Meet Nigeria’s New Military Chiefs and their main Challenges
After six weeks in office, Nigeria’s President Muhammadu Buhari has finally nominated new service chiefs who assume acting roles pending confirmation by the Nigerian National Assembly. The new appointments were widely expected as President Buhari has continuously criticised the military’s inability to defeat the Boko Haram terrorist insurgency.
Perhpas more surprising is the fact that both the new Chief of Army Staff, Major General Tukur Yusuf Buratai, and the National Security Adviser, Major General Babagana Monguno (Rtd), are from Borno State, which is at the heart of the Boko Haram conflict. There is also dissatisfaction and growing accusations of regional favouritism as the majority of the new chiefs hail from Nigeria’s northern regions.
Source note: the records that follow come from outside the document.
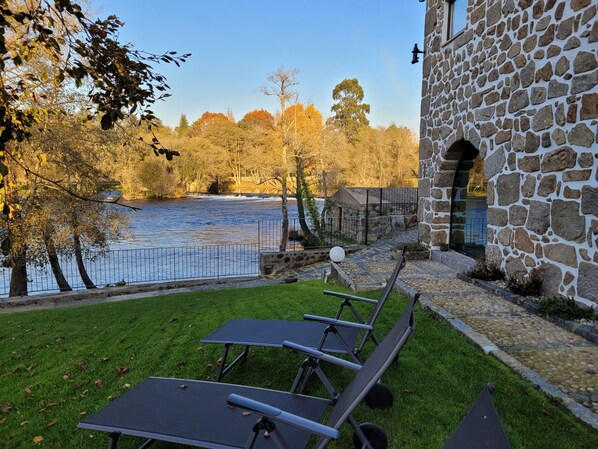 Terrace/patio - Studio for 2 people * SPA * River view (Adaúfe)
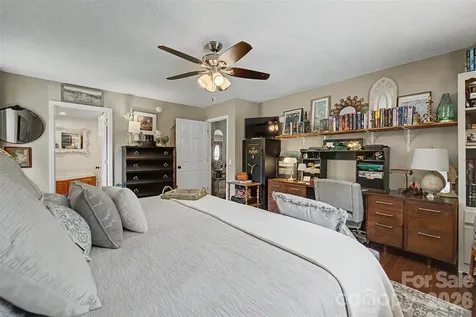 1364 Atoah Road Robbinsville NC 28771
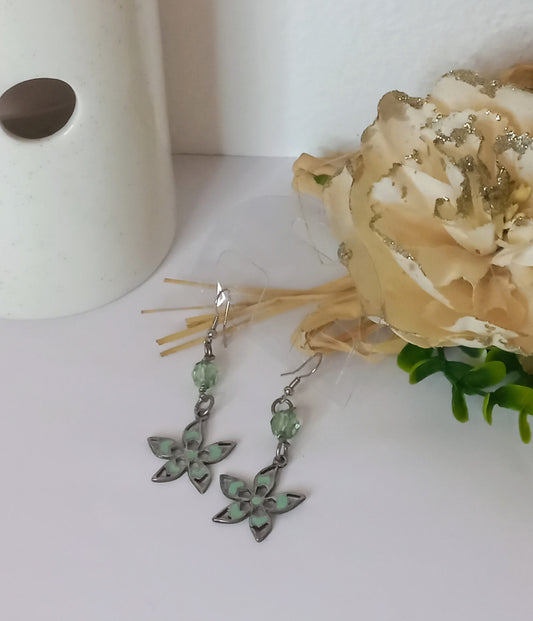 Green flower earring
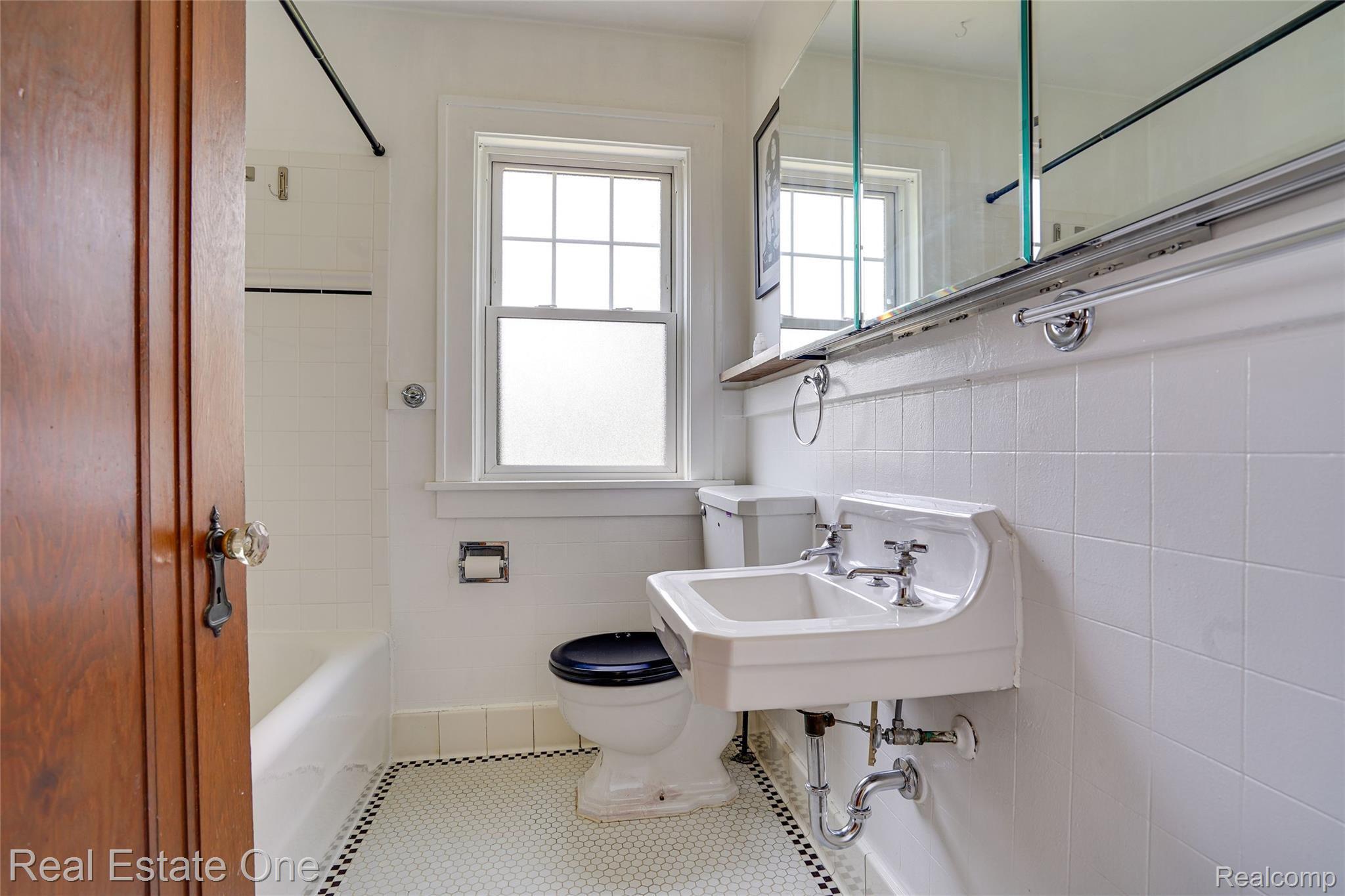 959 Cambridge Road Berkley, MI 48072 - Photo 17 of 20 ChrisB-19.jpg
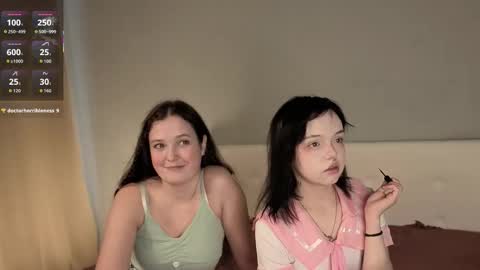 Snapshot of romainerudoy chatting on October 21, 2025, 7:42 am Yupi online show from October 21, 2025, 7:42 am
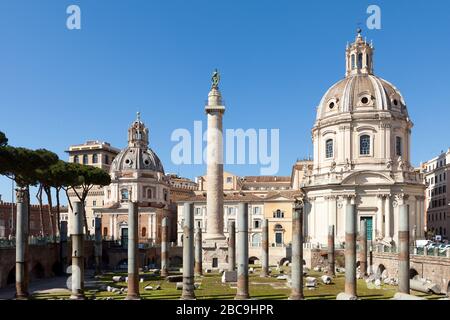 Trajanssäule (Colonna Traayana). Römische Siegessäule in Rom, Italien. Blick vom Trajan-Forum. Stockfoto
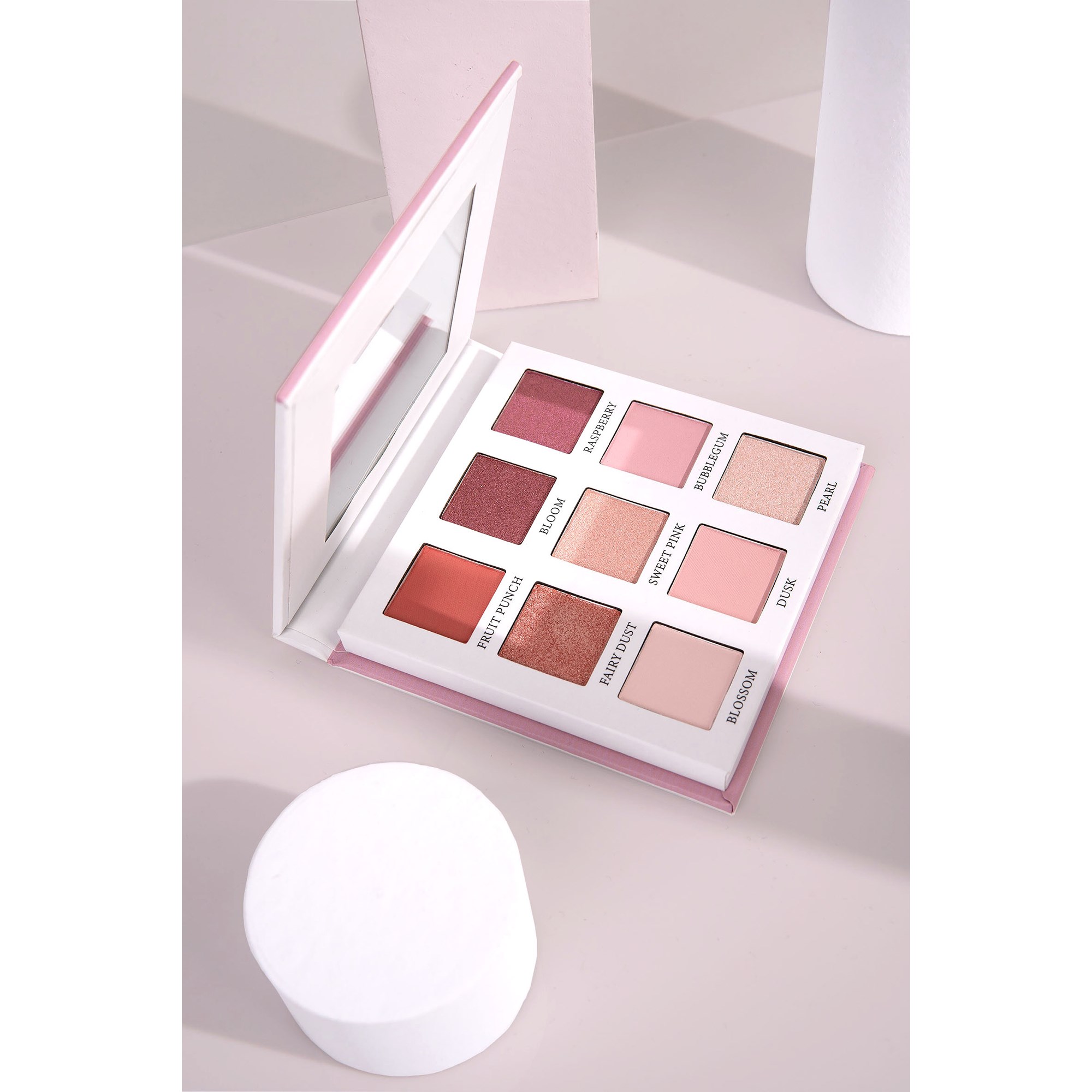 Eye CANDY Eyeshadow Palette Make Me Blush (obrázok 4)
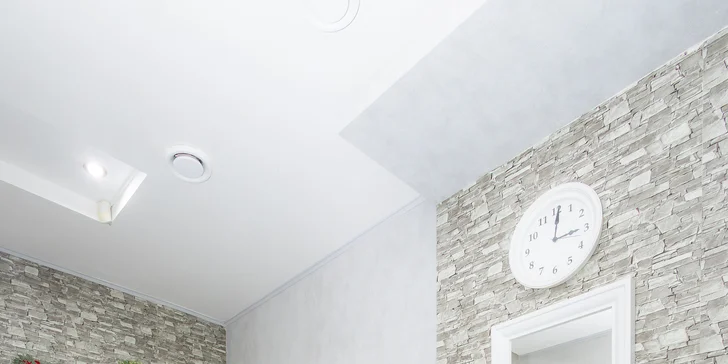 Kozmetické ošetrenia na omladenie pleti: Kolagénové nite, Carboxyterapia alebo mezopeeling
Read the profiles of the new chiefs below:
Three things the new Nigerian military chiefs must tackle
The new service chiefs in Nigeria will have a daunting task ahead of them as they work to tackle multiple high pressure issues at the same time. Here are the three most important:
Boko Haram Insurgency
Between 2009 and 2015, the Boko Haram insurgency has claimed more than 13,000 lives and left thousands of people homeless. Their attacks are now an almost daily routine in northern Nigeria. During former President Goodluck Jonathan’s last days in office the military recaptured towns occupied by Boko Haram. Since President Muhammadu Buhari assumed office the frequency of attacks by the terrorist group has increased. The service chiefs will need to develop and implement a comprehensive strategy to deal with the Boko Haram threat which involves improved intelligence gathering, regional coordination, and beefing up military hardware and logistics.
Corruption has plagued the Nigerian military since its involvement in politics during Nigeria’s early days. From foot soldiers who ask for bribes at checkpoints to Generals who misappropriate large sums of the military budget for their own personal use, there is a rot in the system that has reduced moral and entrenched inefficiencies and indiscipline that has severely hampered Nigerian military force readiness. The service chiefs must clean out the decades old rot in the military and restore its respectability.
Civilian – military relationships
Amnesty international recently cited the Nigerian military for gross abuses of civilians and multiple human rights violations in its fight against Boko Haram. But even in non-combat zones, Nigerian military officers are often abusive to civilian populations. This is a legacy of the military’s unchecked rule of Nigeria’s population for over three decades. Today military officers can beat up civilians, seize and damage property, violate traffic laws and even kill people in metropolitan areas while face very little consequence. The service chiefs must put an end to this behaviour and call service members to account. In a democracy, military service is an honour and service to the citizens.